Stored data:
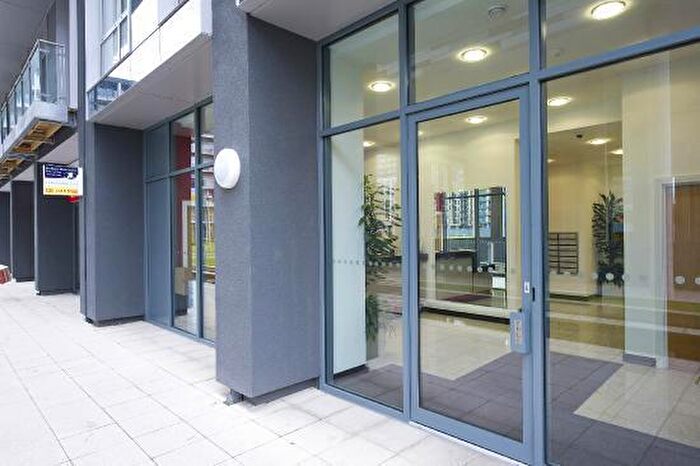 3 Bedroom Apartment To Rent In Indescon Sqaure, South Quay, Canary Wharf, Marsh Wall, London, E14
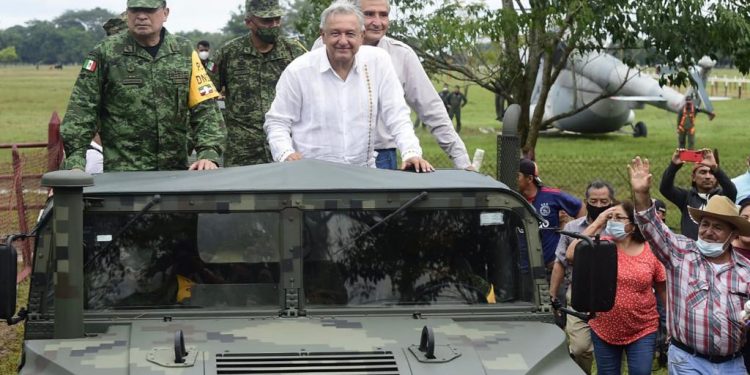 GOBIERNO DE MÉXICO ATIENDE A MÁS DE 238 MIL PERSONAS AFECTADAS POR INUNDACIONES EN TABASCO: CNPC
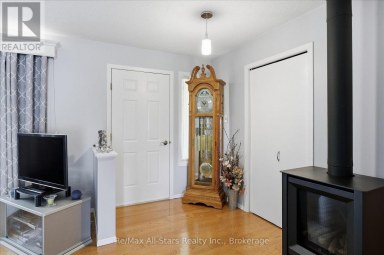 10 EMILY STREET N Kawartha Lakes (Omemee) Ontario photo 4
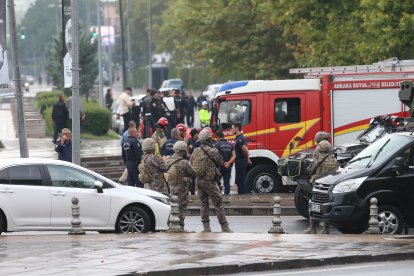 Soldats i policies a les portes del ministeri de l’Interior turc.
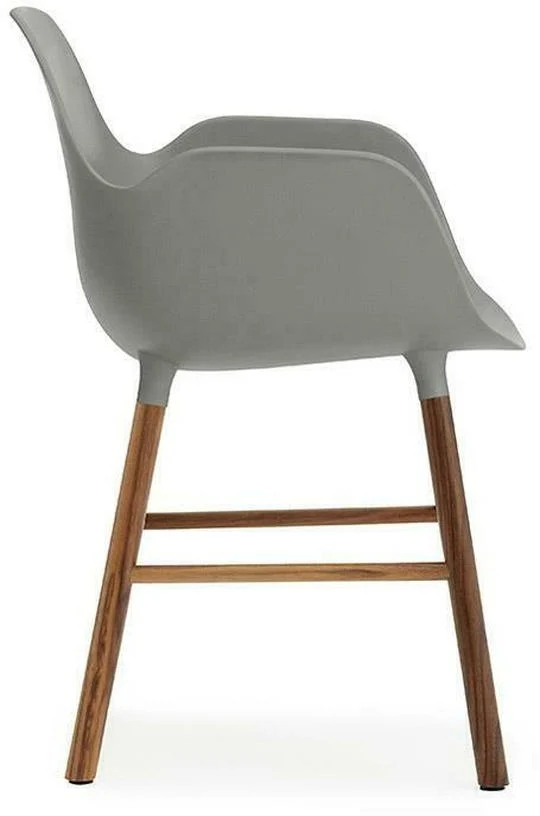 Chaise avec accoudoirs en noyer naturel et pp gris Form - Normann Copenhagen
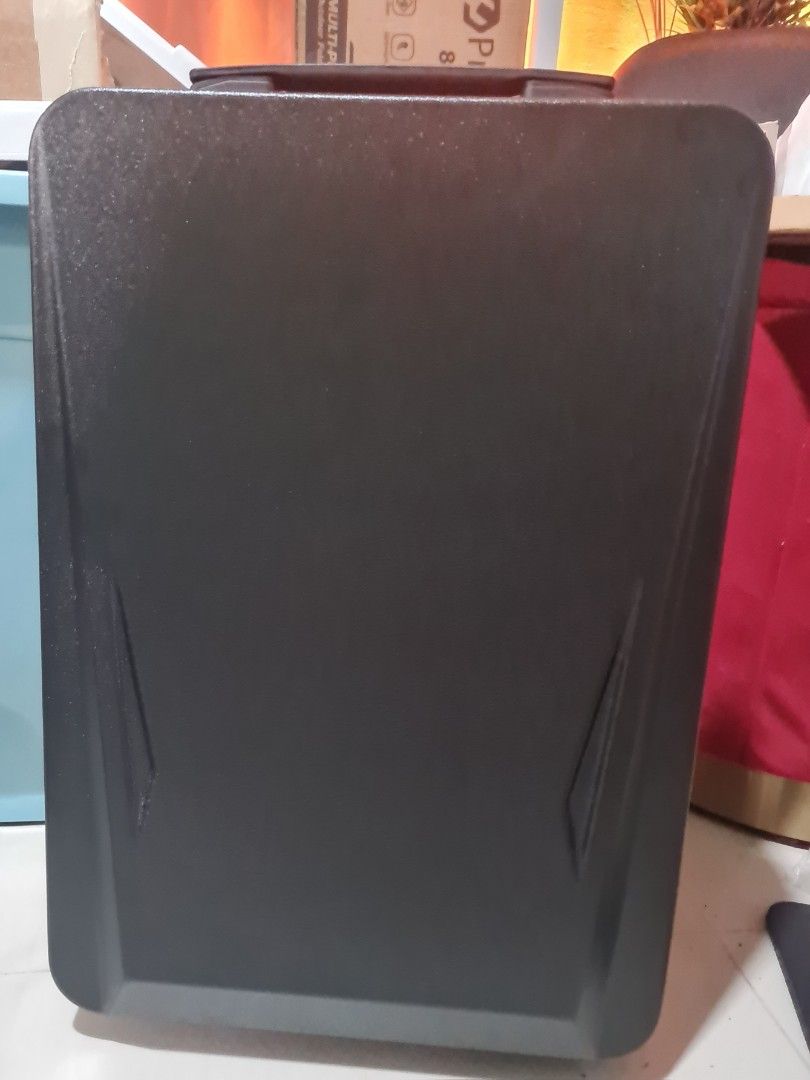 SANTYAGE TSA .J602 (Category: Laptop Bags & Sleeves) located in Singapore. Submitted by nurashlyn (Listing ID 1377303814, Image 1). Description: Sanytage Hard Casing bag for Laptop and other accessories .Never Used at all Still in good Condition.Good for Daily use.like office or travel can protect ur gadgets. But Take Note got a bit defect can see from the last photo ,other than that is all good condtion. Take Note:Always Check the item before yo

Exercise directions:
Work from the entries above. Set down exactly and only the lines from the line with "GOBIERNO DE MÉXICO" to the line with "Chaise avec accoudoirs", both included, and leave the pictures out.

Output below:
 GOBIERNO DE MÉXICO ATIENDE A MÁS DE 238 MIL PERSONAS AFECTADAS POR INUNDACIONES EN TABASCO: CNPC
 10 EMILY STREET N Kawartha Lakes (Omemee) Ontario photo 4
 Soldats i policies a les portes del ministeri de l’Interior turc.
 Chaise avec accoudoirs en noyer naturel et pp gris Form - Normann Copenhagen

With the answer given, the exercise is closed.